Whenever he spoke with the media this past spring, last year would come up and he would be asked what he was doing to prevent something like that from happening again. He answered every question, explaining what went right and what went wrong.
At one point, he was asked if he was tired of talking about last year.
In typical Dobbins fashion, he smiled and brushed it off.
“I mean… I’m just here to help y’all do y’all’s jobs,” he said.
And speaking of jobs, it’s not just Dobbins’ job to make the running game happen. Many others are involved as well, which is why when offensive coordinator Kevin Wilson looks back on last year, he doesn’t put it all on Dobbins.
“I don’t know if he struggled as much as opposed to we could just do a better job of calling it up and putting him in good places and getting the blocking a little better,” Wilson said.
“To me, running is a group effort, and our group was good, just not as good as it needs to be. Hopefully it will be better. He is having a great offseason. And I will say, last offseason coming up he had a couple minor nick-ups with a back or a hamstring where he was limited in some of his offseason training. He’s had a great offseason run.”
Healthy and hungry, JK Dobbins is determined not to go through another season like last year.

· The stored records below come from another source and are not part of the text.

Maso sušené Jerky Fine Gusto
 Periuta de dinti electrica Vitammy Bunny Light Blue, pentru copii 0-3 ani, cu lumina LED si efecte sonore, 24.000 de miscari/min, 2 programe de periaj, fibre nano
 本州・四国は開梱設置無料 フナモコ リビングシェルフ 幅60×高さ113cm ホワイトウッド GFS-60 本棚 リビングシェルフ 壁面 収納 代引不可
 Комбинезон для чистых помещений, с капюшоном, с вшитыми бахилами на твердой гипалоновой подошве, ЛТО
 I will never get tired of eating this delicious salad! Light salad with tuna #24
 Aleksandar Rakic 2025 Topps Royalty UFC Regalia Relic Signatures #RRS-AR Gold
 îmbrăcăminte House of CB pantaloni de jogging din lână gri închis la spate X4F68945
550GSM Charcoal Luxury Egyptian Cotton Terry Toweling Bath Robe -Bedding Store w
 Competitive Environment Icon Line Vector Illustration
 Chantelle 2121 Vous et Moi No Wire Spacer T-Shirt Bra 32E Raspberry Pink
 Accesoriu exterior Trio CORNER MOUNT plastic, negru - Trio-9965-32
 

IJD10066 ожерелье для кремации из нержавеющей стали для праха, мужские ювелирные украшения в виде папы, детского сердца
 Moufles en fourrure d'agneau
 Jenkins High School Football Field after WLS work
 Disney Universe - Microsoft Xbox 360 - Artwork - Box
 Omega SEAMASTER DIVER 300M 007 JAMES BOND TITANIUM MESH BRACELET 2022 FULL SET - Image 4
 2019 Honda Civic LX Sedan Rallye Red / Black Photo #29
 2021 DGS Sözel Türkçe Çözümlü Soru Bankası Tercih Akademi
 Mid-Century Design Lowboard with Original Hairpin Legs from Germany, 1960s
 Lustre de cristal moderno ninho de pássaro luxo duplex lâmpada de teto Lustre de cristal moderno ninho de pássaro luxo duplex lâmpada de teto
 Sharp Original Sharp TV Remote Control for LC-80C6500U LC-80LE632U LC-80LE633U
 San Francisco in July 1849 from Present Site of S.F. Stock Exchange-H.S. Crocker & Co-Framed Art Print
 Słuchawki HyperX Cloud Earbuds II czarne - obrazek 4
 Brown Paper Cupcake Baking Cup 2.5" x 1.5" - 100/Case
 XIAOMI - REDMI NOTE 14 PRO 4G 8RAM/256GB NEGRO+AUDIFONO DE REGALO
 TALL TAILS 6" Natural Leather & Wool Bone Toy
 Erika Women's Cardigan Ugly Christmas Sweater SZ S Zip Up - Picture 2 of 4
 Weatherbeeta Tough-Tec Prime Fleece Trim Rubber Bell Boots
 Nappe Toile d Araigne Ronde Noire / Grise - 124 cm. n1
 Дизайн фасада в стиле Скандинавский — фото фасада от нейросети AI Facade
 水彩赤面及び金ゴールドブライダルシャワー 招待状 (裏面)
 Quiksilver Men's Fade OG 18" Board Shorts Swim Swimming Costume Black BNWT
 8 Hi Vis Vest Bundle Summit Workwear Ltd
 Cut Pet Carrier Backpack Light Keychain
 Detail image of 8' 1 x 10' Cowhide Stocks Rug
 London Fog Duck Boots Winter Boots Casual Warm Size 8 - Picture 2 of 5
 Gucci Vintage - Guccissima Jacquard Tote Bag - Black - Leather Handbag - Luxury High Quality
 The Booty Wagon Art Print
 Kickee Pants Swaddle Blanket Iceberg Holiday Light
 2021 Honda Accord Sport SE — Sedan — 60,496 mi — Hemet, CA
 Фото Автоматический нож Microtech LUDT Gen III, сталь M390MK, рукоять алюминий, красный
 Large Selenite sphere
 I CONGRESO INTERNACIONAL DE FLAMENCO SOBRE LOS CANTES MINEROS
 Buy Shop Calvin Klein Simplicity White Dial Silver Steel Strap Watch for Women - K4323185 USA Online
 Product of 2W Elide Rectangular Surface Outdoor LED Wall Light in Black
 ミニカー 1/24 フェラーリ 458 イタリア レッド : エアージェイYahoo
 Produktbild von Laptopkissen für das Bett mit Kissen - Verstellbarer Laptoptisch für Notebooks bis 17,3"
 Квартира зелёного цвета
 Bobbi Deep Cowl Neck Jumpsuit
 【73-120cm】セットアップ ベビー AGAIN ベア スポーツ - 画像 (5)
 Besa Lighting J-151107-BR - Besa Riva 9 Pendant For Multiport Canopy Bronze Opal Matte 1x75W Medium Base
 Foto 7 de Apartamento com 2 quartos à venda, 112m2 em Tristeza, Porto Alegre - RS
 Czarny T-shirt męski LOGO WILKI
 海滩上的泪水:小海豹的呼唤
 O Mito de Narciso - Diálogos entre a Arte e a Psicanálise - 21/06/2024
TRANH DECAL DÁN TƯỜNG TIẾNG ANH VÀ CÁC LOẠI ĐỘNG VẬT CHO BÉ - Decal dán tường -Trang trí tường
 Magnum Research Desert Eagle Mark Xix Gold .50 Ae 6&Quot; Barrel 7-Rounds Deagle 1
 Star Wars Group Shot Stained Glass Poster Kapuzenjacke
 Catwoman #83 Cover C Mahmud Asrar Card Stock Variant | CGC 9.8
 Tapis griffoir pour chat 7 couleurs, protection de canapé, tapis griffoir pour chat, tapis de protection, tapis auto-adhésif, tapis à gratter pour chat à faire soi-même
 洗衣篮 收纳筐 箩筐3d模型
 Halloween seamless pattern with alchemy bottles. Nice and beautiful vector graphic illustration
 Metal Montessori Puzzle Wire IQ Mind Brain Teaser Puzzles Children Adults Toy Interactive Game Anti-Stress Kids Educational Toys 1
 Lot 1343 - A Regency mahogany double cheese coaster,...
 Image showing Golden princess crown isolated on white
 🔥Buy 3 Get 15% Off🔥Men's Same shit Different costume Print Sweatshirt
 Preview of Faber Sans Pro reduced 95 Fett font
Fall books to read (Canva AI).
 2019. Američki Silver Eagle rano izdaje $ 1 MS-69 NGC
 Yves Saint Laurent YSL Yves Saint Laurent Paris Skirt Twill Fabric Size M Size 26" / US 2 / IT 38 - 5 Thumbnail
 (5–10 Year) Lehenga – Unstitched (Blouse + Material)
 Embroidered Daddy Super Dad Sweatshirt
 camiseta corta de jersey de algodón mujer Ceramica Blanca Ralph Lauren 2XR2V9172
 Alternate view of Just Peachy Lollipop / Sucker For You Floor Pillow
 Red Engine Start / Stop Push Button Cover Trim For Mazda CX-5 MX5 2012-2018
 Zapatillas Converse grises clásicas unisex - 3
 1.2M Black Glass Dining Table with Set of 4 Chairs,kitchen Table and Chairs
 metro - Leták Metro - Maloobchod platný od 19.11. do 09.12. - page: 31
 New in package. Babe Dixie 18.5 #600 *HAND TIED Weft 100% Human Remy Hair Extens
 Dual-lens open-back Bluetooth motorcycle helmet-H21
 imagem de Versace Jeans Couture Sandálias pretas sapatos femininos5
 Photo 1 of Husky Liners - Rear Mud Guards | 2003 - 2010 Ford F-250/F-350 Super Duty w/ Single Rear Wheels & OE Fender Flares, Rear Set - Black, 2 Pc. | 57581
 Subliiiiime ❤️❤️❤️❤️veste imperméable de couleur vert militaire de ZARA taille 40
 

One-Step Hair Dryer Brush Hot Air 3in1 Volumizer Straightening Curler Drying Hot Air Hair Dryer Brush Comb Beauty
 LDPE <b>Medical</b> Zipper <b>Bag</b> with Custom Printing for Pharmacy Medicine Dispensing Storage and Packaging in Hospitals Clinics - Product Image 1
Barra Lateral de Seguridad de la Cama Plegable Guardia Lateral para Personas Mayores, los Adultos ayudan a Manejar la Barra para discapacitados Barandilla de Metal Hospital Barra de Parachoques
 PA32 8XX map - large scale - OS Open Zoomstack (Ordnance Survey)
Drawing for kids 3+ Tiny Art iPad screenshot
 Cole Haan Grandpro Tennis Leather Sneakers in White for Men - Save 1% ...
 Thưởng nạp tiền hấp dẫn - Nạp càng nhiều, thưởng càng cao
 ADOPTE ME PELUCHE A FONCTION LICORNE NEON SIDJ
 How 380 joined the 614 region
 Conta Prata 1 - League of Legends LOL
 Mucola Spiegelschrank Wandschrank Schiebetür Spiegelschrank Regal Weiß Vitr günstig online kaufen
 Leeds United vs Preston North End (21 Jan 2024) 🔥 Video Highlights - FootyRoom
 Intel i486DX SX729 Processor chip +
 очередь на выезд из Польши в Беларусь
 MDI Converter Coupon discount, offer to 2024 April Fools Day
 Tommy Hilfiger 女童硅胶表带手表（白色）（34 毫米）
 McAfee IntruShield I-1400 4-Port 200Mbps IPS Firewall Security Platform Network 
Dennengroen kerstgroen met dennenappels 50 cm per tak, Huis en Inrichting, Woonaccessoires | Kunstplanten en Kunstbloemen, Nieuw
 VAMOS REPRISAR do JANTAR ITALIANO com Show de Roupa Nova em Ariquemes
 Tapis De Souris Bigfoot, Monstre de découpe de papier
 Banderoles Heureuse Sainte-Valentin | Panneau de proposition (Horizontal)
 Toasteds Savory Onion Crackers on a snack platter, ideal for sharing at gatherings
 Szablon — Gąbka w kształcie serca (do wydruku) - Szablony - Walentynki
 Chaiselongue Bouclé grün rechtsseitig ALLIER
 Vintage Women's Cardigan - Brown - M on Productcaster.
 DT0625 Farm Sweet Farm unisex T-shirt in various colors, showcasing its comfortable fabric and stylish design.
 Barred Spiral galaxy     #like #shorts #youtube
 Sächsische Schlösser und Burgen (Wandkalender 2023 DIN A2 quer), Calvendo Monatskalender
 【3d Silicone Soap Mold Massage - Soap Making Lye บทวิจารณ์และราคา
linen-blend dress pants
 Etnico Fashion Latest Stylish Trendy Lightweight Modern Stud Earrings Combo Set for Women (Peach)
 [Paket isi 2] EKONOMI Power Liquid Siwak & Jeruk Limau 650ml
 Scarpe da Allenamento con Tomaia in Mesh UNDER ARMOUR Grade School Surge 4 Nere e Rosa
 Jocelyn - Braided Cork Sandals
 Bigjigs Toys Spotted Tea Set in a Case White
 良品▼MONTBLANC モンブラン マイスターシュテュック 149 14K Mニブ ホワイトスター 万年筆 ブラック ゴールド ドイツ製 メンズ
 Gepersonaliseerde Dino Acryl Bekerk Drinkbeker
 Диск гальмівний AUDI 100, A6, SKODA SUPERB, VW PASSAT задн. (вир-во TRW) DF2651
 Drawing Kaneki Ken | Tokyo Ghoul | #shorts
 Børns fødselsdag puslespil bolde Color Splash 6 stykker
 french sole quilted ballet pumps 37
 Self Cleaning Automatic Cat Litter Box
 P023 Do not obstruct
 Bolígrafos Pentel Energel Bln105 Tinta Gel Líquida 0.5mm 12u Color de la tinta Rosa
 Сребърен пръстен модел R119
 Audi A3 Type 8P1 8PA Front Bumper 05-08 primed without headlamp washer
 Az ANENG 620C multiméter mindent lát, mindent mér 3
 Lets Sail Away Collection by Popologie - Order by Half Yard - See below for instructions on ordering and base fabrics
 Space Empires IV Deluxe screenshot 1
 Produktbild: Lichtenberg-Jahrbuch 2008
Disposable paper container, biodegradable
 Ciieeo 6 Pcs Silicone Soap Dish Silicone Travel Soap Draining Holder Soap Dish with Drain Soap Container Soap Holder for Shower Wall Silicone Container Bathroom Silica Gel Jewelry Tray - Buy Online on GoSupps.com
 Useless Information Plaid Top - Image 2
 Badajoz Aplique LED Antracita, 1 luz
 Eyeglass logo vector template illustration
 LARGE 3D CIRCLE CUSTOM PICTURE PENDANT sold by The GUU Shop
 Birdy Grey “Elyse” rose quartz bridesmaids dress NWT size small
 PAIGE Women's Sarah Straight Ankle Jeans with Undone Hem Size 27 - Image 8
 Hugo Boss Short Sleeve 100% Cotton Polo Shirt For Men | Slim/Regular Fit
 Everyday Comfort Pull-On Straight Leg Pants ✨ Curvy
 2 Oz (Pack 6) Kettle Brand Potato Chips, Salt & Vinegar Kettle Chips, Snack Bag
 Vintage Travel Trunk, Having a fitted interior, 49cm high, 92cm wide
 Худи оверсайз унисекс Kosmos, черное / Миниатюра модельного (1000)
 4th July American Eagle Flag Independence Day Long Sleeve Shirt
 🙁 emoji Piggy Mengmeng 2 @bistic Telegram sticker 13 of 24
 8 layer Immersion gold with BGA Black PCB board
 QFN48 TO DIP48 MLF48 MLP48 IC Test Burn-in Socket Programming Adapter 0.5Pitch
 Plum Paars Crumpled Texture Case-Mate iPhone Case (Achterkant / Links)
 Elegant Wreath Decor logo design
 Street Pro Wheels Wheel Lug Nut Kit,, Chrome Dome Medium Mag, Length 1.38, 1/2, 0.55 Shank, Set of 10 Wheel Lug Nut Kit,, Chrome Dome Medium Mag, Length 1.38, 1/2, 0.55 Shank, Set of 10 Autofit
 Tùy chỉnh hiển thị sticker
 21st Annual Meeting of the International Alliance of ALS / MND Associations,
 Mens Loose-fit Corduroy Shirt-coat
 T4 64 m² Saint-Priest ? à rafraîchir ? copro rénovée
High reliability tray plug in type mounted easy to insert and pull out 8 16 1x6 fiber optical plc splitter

Not because he doesn’t want to deal with the media’s questions again, but because his team needs him to be the guy he was in his first 100 carries.
With a new head coach, new quarterback, four new starters on the offensive line, and three senior captain receivers gone, the workhorse running back needs to be there to carry his team while everyone gets acclimated.
This is something that head coach Ryan Day and position coach Tony Alford have explained to him throughout the offseason.
“He’s one of the guys that has to play good,” Day said. “You just hit a major pressure point right there. I mean, he has to play good for us, especially in the first six games of the year.
“And so that’s been a challenge for him. Tony’s challenged him, I’ve challenged him, Kevin Wilson’s challenged him, Mickey Marotti’s challenged him. He’s got to have a good year for us. And so I love JK, I believe in him, and I think he’s going to have a great year.”